Forty years ago, grief was believed to be a linear, progressive process that led mourners from a state of acute crisis to one of resolution and acceptance. For the women I met, however, this wasn’t how grief worked at all. They continued to painfully miss their mothers at lifespan events such as graduations, weddings, and childbirth, and also on recurring dates such as birthdays, holidays, and anniversaries. But the message they’d received, and internalized, was that if they hadn’t “gotten over it” yet, they must have gotten mourning wrong.

Motherless Daughters, now in an updated 20th Anniversary Edition, examines mourning as a lifelong process, one that’s naturally protracted for children and adolescents as their emotions and intellect continue to mature. And yet over time, a mother’s death can also grant unexpected gifts. Women also speak of it as a springboard for ambition, personal growth, and an appreciation for what matters most.

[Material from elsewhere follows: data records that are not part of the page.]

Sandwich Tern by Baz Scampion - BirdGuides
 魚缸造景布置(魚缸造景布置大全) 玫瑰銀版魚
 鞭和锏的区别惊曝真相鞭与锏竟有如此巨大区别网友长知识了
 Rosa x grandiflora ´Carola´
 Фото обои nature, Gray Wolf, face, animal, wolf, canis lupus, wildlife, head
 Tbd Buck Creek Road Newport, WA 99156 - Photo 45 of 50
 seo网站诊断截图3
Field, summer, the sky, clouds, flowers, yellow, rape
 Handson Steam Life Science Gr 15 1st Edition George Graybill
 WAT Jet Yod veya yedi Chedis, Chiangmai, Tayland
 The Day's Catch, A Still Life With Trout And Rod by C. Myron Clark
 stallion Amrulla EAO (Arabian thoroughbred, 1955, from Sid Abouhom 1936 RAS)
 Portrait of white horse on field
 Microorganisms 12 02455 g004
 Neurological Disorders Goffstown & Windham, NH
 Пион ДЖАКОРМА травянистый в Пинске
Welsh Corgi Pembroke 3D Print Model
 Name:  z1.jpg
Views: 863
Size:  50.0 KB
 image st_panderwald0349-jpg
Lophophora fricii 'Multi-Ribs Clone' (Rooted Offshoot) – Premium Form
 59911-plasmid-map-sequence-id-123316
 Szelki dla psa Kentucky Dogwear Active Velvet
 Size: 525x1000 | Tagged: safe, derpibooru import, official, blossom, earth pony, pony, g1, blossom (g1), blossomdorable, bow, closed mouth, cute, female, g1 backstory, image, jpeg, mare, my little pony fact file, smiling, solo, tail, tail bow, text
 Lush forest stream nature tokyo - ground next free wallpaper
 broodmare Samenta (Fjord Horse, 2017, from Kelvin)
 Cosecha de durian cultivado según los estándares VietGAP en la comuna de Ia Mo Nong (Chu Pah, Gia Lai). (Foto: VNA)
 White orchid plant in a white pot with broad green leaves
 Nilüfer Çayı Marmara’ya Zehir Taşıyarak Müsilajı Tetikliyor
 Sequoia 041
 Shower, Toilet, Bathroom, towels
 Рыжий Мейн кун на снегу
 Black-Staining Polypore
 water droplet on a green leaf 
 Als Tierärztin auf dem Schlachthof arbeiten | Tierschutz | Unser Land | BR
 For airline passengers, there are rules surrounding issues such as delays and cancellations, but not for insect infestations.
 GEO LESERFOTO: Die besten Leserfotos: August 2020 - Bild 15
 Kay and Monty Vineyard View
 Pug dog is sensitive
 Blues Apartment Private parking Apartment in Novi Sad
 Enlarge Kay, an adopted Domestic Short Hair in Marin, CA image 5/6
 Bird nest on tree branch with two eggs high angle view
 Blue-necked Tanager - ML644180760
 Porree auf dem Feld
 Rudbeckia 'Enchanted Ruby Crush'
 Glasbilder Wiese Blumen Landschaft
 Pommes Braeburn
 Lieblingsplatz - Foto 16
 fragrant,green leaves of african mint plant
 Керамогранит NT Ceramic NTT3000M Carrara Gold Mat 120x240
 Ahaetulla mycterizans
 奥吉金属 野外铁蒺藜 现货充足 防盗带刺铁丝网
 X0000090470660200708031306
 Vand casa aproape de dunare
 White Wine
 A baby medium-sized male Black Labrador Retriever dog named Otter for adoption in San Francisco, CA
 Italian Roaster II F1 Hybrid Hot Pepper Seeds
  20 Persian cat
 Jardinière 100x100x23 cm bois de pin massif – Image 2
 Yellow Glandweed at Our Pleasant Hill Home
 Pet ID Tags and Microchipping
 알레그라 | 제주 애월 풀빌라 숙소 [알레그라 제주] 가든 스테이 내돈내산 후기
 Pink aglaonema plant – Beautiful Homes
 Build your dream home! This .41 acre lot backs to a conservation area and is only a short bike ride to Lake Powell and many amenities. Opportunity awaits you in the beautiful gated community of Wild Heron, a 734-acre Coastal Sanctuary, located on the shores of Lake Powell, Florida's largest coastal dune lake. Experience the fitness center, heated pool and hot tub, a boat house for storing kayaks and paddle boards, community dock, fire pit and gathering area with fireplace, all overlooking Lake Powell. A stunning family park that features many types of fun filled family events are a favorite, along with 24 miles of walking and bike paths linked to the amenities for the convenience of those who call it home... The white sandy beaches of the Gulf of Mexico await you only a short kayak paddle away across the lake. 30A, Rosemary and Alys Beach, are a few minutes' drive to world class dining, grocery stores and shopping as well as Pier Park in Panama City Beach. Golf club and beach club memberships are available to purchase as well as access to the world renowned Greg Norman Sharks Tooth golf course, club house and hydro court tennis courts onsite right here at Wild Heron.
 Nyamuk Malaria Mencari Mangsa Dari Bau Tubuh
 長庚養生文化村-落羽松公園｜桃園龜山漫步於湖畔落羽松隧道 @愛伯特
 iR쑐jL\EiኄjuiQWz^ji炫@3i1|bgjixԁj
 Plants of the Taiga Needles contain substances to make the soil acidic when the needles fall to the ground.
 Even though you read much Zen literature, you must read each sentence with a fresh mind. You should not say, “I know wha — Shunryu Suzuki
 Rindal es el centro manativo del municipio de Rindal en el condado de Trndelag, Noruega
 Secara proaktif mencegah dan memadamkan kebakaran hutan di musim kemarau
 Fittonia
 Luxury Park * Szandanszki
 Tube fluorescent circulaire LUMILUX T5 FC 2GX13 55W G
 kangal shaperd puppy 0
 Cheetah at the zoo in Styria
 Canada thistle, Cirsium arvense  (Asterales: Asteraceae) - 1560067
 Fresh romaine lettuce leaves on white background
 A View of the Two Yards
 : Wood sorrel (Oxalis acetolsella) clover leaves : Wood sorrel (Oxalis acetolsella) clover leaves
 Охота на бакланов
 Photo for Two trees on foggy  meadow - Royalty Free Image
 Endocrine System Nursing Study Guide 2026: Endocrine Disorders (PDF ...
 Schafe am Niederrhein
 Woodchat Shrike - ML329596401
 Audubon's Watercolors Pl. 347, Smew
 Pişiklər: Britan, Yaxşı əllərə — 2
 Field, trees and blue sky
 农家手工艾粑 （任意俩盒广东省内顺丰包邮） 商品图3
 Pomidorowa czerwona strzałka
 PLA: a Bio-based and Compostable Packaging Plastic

More than 100 children per day are bereaved of a mum or dad in the UK. Too many of them grow up believing they are walking this path alone. Over the past twenty years, dozens of support groups, online message boards, and retreats for motherless daughters have started in the US, UK, Australia, Europe and Canada to help women break the silence around early mother loss together. It’s my hope that this book will continue to offer daughters the same kind of solidarity and community I found while writing it. My life was greatly enhanced by hearing these women’s stories. I hope yours will be, too.